B. Optional but highly recommended (especially for future development).
Run OpenCourseWare commands using local MinIO server.

Prerequisite

  1. Follow instructions in README: Running a Local MinIO Server.
    Note: As of this writing, the root password set for the local MinIO server must be at least 8 characters long. Didn't want to write this requirement in the README as it is subject to change if/when we download updated versions of the MinIO Docker image.

  2. Mock out the local MinIO server with test zip files.
    Note: I did these steps via the WebUI.

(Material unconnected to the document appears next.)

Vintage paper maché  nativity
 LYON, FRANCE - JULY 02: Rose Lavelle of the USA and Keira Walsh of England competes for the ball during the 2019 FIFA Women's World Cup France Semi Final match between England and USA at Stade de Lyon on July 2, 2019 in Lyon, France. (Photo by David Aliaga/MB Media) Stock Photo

    • Create paths (i.e., prefix) in the dsc bucket:
      • dsc/opencourseware/batch-00/
        • Upload two (2) sample zip files with metadata
          It is not important to mock other files as the bitstream for OpenCourseWare deposits is the zip file itself.
          • abc123.zip: Zip file containing a single data.json.
          • def456.zip: Zip file containing a single data.json
      • dsc/opencourseware/batch-01/
        • Upload one (1) sample zip file without metadata.
  3. Add the following environment variables in your .env file.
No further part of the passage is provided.